Madagascar
Madagascar, 27 Giugno – 19 Luglio 2003
Il mio
viaggio, la realizzazione di un sogno!
Quando un sogno si
concretizza e diventa vita vera, è come se una parte del cuore
si facesse più grande, si riempisse di energia e luce che poi
illumina e riscalda tutto il resto.
È riduttivo etichettare
questa avventura con la parola “esperienza”: mi rendo
perfettamente conto che la durata è stata davvero breve, ma
così totalizzante e avvolgente che ne sono uscita (o forse
sono proprio entrata…) davvero e profondamente
cambiata…illuminata.
Cosicché comprendi i tanti giri che
la vita ti porta a vivere, le strade percorse e le deviazioni
intraprese, le salite e le discese, gli incontri e gli addii, le
persone conosciute e poi lasciate…tutto cambia, la prospettiva, i
punti di vista, e ti rendi conto che tutto è relativo: anche
il cielo è diverso!!! (in Madagascar è davvero più
grande, alla faccia di chi dice il contrario!).
La Eva, che quel
mitico 27 Giugno è partita tutta sola (con nel cuore tanta
eccitazione, ma anche un po' di paura) per realizzare il suo grande
sogno, quello idealizzato e progettato tante e tante volte nel cuore,
quello che il suo cervello non osava immaginare perché troppo
lontano, quello racchiuso in 11 lunghi anni di lettere con Padre
Italo, è una persona a 360°, che ha deciso di giocarsi
tutto (anche il moroso!!!) e di rischiare.
Sono partita sapendo
che qualcosa sarebbe cambiato in me, qualcosa si sarebbe rotto per
sempre, o forse si sarebbe unito…(dipende dai punti di vista…):
ero conscia che partivo per egoismo.

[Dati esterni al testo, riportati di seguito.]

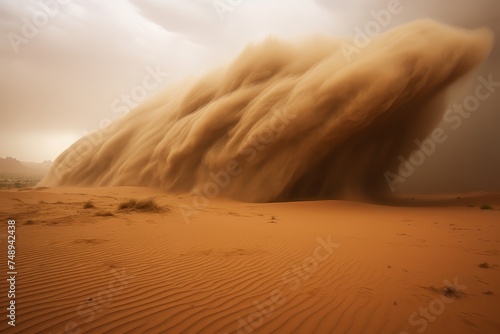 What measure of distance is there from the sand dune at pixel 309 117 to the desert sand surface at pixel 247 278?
6951 mm

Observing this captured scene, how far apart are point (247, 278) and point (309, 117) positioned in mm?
10339

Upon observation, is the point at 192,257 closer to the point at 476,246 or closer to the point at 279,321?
the point at 279,321

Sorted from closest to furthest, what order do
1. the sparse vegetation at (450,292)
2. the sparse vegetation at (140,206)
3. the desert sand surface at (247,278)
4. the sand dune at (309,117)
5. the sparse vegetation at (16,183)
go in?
the desert sand surface at (247,278)
the sparse vegetation at (450,292)
the sparse vegetation at (140,206)
the sand dune at (309,117)
the sparse vegetation at (16,183)

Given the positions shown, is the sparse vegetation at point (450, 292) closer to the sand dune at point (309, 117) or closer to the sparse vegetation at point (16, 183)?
the sand dune at point (309, 117)

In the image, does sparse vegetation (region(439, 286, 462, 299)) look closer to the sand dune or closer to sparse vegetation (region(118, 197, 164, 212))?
sparse vegetation (region(118, 197, 164, 212))

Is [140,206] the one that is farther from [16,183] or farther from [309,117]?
[16,183]

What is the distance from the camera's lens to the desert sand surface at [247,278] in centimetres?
270

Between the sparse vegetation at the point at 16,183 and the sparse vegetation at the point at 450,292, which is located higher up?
the sparse vegetation at the point at 16,183

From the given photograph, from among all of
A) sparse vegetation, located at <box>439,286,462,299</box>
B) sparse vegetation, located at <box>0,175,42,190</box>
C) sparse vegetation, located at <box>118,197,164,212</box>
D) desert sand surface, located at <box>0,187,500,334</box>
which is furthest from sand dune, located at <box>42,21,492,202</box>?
sparse vegetation, located at <box>0,175,42,190</box>

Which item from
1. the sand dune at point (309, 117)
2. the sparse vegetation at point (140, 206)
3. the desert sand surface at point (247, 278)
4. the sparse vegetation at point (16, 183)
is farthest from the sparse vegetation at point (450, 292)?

E la realtà mi ha dato
ragione: chi parte credendo di portare qualcosa in quei posti si
sbaglia, perché nonostante manchi tutto (o tanto), la
ricchezza è molto profonda. Non è la nostra ricchezza,
quella che ti permette di comprare, di viaggiare, di avere un tetto o
un tozzo di pane, di non morire per una malattia, bensì è
una ricchezza interiore, quella che noi, per certi versi, abbiamo
perso. Così ti ritrovi in un mondo dove le parole più
comuni hanno un significato diverso:
dove chi è ricco è
chi ha un cuore grande, dove amare significa donare a tutti (non solo
ad una cerchia ristretta di persone), dove un sorriso non viene
negato a nessuno, neanche ad una “vazà” dai capelli biondi
che non parla la loro lingua, ma che si sforza di salutarli con un
“manaoanne” storpiato, ma scaturito dal cuore… dove la vita
gira intorno alla persona, non al tempo, che inesorabilmente scorre,
dove esiste solo l'oggi, mentre il domani è un'entità
sconosciuta, dove anche la medicina è diversa, o forse è
solo il medico, in quanto tale, a rivestire un ruolo più
importante e determinante, visto che è solo, con a
disposizione soltanto i suoi occhi, le sue mani, le sue orecchie…
(È per questo che dico che ho fatto finta di fare il medico…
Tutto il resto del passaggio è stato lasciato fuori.